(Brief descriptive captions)
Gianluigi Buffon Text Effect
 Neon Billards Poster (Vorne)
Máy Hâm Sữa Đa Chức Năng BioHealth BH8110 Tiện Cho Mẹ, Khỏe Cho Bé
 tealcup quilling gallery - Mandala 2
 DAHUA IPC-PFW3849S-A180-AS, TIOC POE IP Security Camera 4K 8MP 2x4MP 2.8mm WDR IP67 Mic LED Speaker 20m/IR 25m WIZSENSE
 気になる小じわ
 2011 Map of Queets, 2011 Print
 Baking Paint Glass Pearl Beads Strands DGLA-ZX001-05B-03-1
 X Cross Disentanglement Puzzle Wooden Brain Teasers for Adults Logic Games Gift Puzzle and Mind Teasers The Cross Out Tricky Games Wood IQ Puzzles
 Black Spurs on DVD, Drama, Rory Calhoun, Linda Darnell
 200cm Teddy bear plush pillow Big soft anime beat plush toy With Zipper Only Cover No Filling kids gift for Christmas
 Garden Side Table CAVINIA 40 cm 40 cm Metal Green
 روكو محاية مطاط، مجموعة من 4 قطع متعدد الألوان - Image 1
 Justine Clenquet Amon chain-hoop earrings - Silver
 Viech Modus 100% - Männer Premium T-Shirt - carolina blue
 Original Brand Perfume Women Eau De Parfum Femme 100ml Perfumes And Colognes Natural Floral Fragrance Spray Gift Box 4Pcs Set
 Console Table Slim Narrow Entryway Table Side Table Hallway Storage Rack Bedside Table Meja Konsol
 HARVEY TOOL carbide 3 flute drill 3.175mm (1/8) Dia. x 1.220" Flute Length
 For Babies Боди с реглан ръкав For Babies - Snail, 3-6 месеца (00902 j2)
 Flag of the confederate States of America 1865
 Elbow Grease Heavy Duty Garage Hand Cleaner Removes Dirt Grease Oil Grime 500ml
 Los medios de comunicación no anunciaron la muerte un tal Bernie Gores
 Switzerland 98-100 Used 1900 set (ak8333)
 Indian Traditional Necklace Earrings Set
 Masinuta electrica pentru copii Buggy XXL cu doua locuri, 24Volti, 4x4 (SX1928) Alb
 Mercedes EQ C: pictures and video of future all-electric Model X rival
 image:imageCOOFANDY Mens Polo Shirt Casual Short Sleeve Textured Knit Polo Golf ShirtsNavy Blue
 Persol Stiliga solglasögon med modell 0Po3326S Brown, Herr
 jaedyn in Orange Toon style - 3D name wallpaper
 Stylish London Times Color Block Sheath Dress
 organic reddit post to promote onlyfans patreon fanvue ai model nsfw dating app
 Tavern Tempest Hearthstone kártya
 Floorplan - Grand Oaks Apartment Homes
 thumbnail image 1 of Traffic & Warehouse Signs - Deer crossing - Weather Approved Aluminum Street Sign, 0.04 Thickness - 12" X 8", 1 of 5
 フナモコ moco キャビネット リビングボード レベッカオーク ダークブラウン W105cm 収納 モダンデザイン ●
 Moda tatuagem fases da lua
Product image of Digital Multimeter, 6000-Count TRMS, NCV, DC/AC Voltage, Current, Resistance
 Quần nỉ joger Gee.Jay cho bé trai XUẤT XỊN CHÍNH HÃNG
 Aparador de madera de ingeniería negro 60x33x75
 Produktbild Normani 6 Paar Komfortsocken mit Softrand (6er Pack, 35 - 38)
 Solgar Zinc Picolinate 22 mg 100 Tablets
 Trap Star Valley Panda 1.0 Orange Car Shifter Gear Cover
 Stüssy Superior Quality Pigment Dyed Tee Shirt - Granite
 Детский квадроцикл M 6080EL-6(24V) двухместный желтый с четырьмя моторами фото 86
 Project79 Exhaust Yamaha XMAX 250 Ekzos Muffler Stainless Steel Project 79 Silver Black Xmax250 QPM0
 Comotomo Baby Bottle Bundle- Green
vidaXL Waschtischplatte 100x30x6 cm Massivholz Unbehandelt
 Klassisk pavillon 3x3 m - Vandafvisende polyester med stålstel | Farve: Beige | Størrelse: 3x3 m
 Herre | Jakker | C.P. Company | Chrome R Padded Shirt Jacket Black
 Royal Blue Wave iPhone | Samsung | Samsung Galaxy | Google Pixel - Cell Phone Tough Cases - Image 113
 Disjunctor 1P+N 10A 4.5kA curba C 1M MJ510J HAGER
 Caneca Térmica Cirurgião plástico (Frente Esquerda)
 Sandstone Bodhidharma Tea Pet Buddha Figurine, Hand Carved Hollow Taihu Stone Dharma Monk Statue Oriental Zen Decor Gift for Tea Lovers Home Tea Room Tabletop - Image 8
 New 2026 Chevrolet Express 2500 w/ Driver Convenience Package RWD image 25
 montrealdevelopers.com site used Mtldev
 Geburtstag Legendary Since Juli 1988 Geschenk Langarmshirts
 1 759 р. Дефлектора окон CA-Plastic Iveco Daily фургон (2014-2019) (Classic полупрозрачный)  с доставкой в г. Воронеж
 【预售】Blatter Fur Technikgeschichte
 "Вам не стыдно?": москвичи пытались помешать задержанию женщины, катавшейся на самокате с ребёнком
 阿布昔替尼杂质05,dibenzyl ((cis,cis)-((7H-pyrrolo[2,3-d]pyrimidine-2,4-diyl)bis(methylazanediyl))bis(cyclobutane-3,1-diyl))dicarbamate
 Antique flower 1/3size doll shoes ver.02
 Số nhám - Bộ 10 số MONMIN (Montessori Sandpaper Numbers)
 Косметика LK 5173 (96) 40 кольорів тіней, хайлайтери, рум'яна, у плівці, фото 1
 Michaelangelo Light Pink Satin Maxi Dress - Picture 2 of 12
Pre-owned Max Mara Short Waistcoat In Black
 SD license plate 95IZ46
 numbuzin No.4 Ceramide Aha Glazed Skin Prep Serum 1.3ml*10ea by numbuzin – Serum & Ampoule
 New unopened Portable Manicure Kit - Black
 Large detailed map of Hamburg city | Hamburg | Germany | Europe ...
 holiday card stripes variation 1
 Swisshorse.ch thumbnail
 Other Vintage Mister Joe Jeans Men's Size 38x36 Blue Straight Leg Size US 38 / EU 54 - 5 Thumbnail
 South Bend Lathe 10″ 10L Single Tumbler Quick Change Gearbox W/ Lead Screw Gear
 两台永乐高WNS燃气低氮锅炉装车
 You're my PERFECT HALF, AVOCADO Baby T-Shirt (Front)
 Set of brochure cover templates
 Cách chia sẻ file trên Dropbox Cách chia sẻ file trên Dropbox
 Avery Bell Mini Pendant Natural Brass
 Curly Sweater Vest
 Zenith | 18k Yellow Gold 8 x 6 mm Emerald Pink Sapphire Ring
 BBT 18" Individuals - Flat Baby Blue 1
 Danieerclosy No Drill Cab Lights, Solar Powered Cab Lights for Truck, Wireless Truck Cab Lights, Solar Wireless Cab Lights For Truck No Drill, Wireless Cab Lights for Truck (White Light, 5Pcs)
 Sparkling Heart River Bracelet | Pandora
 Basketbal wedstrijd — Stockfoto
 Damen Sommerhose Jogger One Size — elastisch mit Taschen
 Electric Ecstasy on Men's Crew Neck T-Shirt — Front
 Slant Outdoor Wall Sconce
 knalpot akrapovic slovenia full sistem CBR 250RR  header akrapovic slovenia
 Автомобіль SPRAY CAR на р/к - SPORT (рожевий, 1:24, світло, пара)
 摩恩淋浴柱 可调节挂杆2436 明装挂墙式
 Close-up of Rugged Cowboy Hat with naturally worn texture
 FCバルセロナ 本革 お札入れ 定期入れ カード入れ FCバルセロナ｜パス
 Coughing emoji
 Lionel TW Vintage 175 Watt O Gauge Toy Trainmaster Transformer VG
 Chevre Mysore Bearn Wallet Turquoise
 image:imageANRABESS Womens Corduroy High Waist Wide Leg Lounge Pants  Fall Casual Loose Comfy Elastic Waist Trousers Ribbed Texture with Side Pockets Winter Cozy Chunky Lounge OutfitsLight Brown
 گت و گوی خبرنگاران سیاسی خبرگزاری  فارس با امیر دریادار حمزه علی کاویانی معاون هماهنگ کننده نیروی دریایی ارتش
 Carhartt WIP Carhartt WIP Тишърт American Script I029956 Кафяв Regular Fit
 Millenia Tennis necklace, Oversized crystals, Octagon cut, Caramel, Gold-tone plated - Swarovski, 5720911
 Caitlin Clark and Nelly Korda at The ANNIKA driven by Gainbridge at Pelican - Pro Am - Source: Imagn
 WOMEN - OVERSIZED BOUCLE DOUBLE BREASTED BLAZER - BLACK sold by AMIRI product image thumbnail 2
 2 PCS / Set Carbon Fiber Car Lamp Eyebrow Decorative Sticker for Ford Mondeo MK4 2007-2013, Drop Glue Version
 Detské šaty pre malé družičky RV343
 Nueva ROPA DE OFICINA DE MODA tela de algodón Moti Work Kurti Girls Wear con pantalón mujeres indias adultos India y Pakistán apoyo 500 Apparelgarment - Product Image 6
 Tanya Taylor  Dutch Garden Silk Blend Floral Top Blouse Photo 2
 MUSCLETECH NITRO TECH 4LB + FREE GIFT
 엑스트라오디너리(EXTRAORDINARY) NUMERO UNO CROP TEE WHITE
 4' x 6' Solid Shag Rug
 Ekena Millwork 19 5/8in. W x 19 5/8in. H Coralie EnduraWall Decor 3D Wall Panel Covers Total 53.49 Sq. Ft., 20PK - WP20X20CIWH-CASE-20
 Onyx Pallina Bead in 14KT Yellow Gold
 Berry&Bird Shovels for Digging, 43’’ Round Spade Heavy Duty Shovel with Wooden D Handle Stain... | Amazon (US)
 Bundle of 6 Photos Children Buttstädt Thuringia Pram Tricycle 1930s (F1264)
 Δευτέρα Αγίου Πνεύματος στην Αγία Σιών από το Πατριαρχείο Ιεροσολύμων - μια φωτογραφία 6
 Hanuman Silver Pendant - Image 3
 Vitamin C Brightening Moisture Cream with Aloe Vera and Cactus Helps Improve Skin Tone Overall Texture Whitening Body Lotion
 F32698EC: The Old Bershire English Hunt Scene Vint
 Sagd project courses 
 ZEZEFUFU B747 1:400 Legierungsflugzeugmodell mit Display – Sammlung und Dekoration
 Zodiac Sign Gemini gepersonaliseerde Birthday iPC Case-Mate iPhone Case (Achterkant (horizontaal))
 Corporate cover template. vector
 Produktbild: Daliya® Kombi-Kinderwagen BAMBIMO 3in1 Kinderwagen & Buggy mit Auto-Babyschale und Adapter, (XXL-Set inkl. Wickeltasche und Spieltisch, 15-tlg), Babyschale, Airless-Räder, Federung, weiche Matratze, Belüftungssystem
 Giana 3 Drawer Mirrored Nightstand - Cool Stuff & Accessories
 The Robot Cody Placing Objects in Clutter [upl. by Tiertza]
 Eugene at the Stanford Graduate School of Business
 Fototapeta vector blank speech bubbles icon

YOUR INSTRUCTIONS: When the word "Casual" occurs in a line above, list that line.

RESULT OF THIS EXERCISE:
 image:imageCOOFANDY Mens Polo Shirt Casual Short Sleeve Textured Knit Polo Golf ShirtsNavy Blue
 image:imageANRABESS Womens Corduroy High Waist Wide Leg Lounge Pants  Fall Casual Loose Comfy Elastic Waist Trousers Ribbed Texture with Side Pockets Winter Cozy Chunky Lounge OutfitsLight Brown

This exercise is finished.